Le dernier chapitre décrit plus rapidement le parcours vers la victoire. Au moins 12 régiments du sud-ouest "tournent"à Verdun, surtout jusqu'au mois de mai 1916. Les poilus du sud-ouest participent aussi à l'offensive du Chemin des Dames d'avril 1917, qu'ils connaissent bien pour y avoir stationné en 1915. C'est cette dernière offensive, ratée, qui entraînent les mutineries, passage où là encore quelques notes auraient été bien utiles, puisque Vincent Bernard ne veut pas rentrer dans les "polémiques" (p.145) de ces dernières années sur le sujet. Les poilus du sud-ouest connaissent les troubles, et comptent quelques fusillés. Ils subissent de plein fouet les offensives allemandes du printemps 1918, avant l'arrivée massive des Américains -qui débarquent entre autres à Bordeaux. Et vient la victoire, l'armistice du 11 novembre 1918. Le Sud-Ouest, qui a mobilisé environ 20% de sa population, en a perdu 63 000, ce qui n'est pas sans conséquences démographiques, et même géogaphiques, puisque c'est alors que La Rochelle prend le pas sur Rochefort.
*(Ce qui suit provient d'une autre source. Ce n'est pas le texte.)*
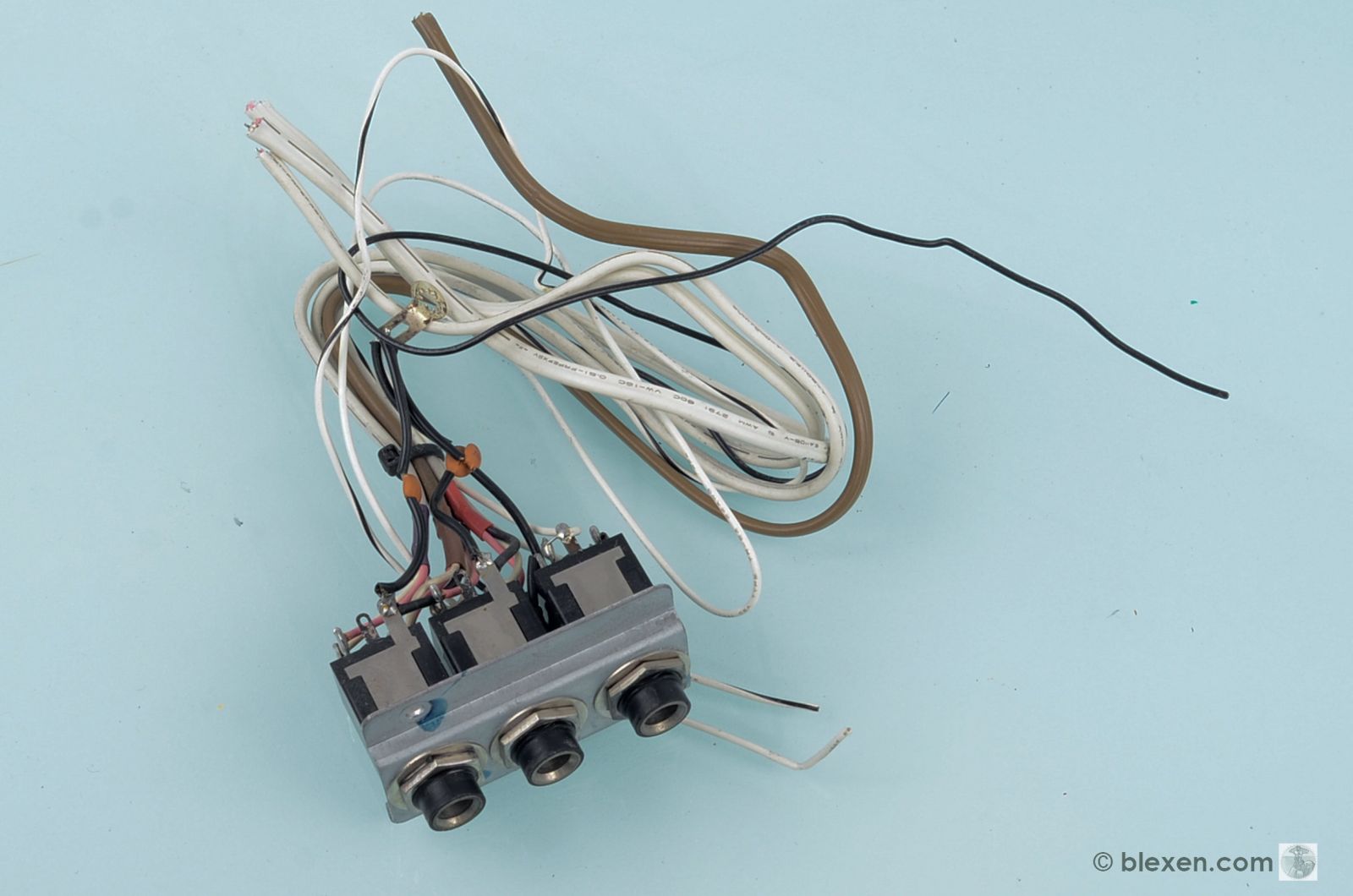 Marantz Model 5030 b Microphone &amp; Headphone Jacks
Comme il l'indique en bibliographie, Vincent Bernard a surtout utilisé, pour son petit ouvrage, des témoignages d'époque, les journaux de marche des opérations et historiques d'unité, ce qui explique le caractère très descriptif du livre. Quant aux références solides, certaines y sont aussi : Bach, Becker, Cazals, Cochet, Le Naour, Offenstadt pour ne citer que les plus connues. De même qu'apparaissent dans la sitographie des sites visibles, le CRID, le Chtimiste (mais pas l'Historial de Péronne ?). Le tout est également illustré d'un livret cental court mais bien présent, et par quelques cartes d'époque disséminées au fil du texte (ce qui est appréciable, pour suivre les mouvements). Le contrat est rempli : le travail constitue une évocation, plus ou moins détaillée (plus pour la période de l'été 1914, moins pour le reste de la guerre, notamment après la diminution de la logique régionale de recrutement, même si des passages comme Verdun reviennent un peu à ce qui été fait pour l'été 1914), du parcours des poilus du sud-ouest, une bonne base de départ pour le lecteur qui part de rien ou presque (comme moi). On regrette peut-être l'absence d'un apparat critique qui permettrait d'éviter les raccourcis dans le texte et d'aller un peu plus loin que la simple description tirée des témoignages bruts ou des historiques d'unités, ces fameuses "études historiques classiques et exhaustives consécutives à des années de recherche" que l'auteur cite en introduction. Et qui sont le fait d'historiens à proprement parler. Vincent Bernard, probablement faute de place, se concentre surtout sur le parcours des poilus du sud-ouest en 1914, sans le plus emblématique "régionalement" parlant.